DATA SHOWN ::
========================

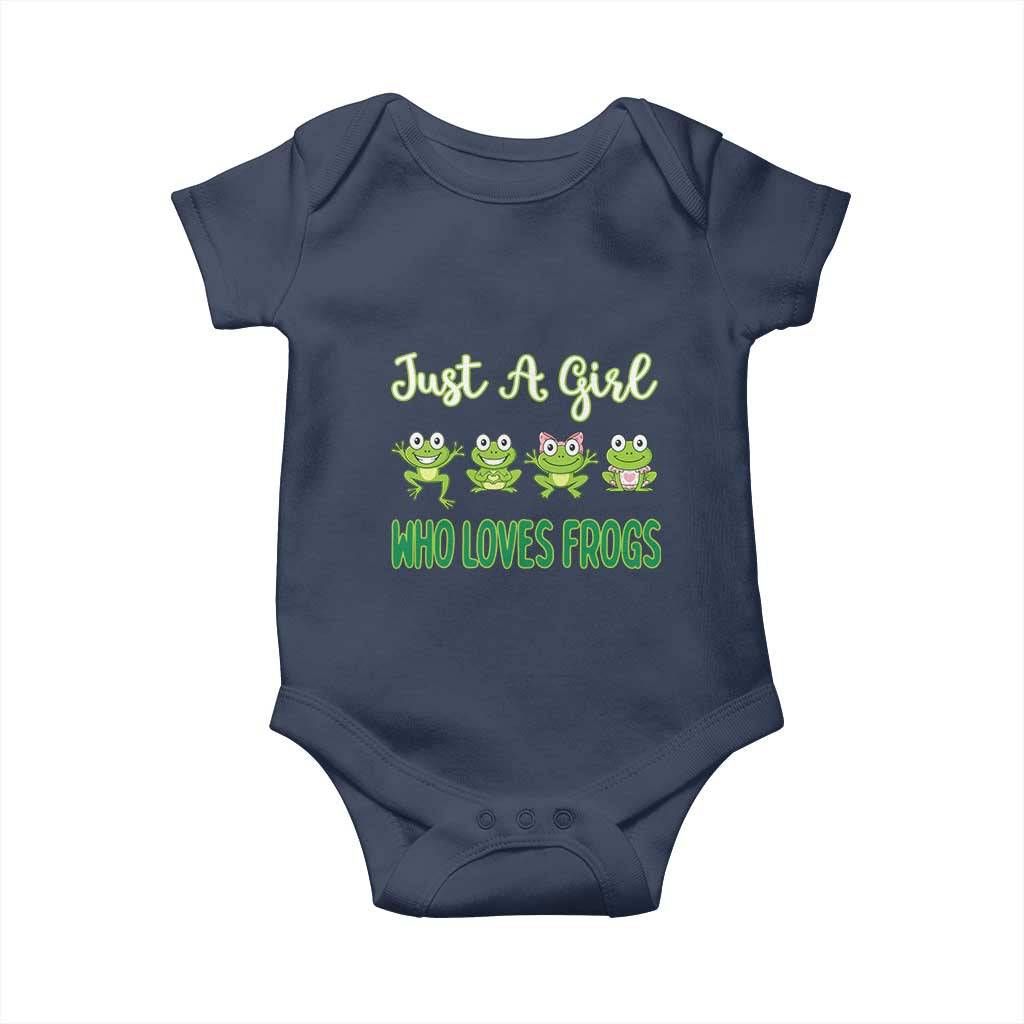 Just A Girl Who Loves Frogs Baby Onesie Frog Lover TS12 Navy Print Your Wear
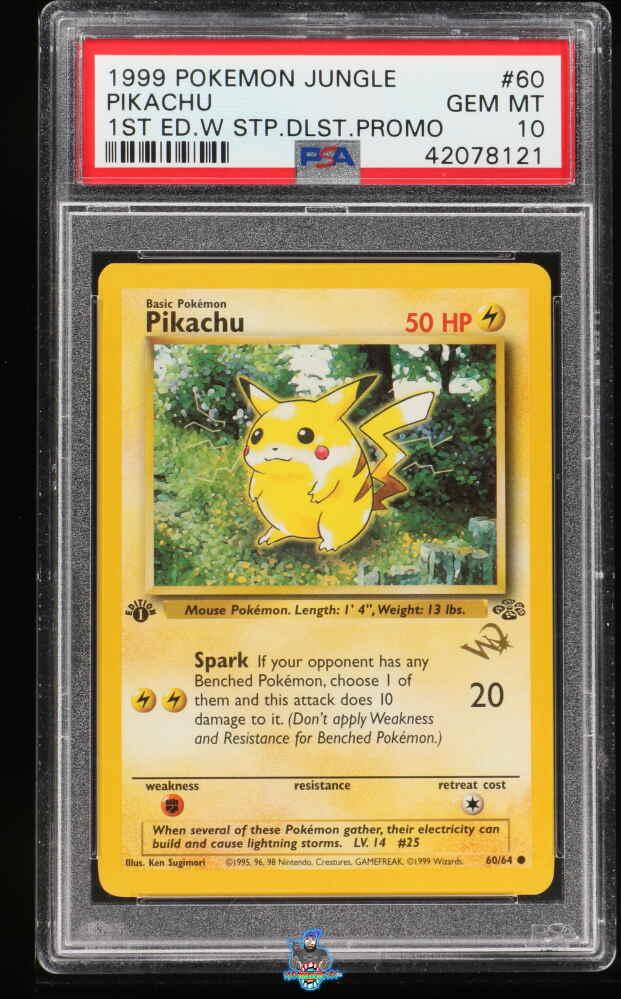 1999 Pokemon Jungle Pikachu 1st Edition W Stamp Duelist Magazine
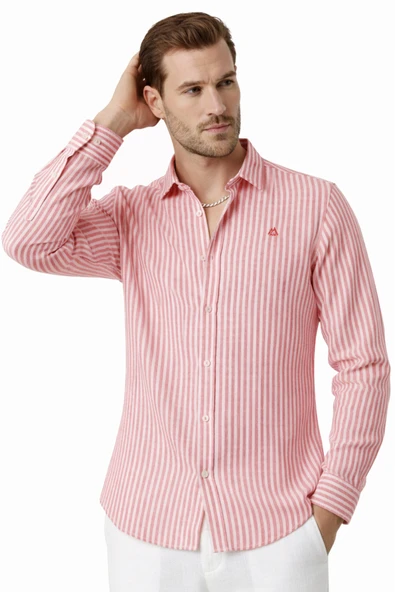 DeepSEA Slim Fit Çizgili %100 Pamuk Erkek Gömlek – Nefes Alan Şık Günlük Gömlek 2602626 ürün görseli 1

========================

WHAT NEEDS TO BE DONE ::
Reproduce all lines above exactly. Leave the images out.

SOLUTION TO THIS TASK ::
 Just A Girl Who Loves Frogs Baby Onesie Frog Lover TS12 Navy Print Your Wear
 1999 Pokemon Jungle Pikachu 1st Edition W Stamp Duelist Magazine
 DeepSEA Slim Fit Çizgili %100 Pamuk Erkek Gömlek – Nefes Alan Şık Günlük Gömlek 2602626 ürün görseli 1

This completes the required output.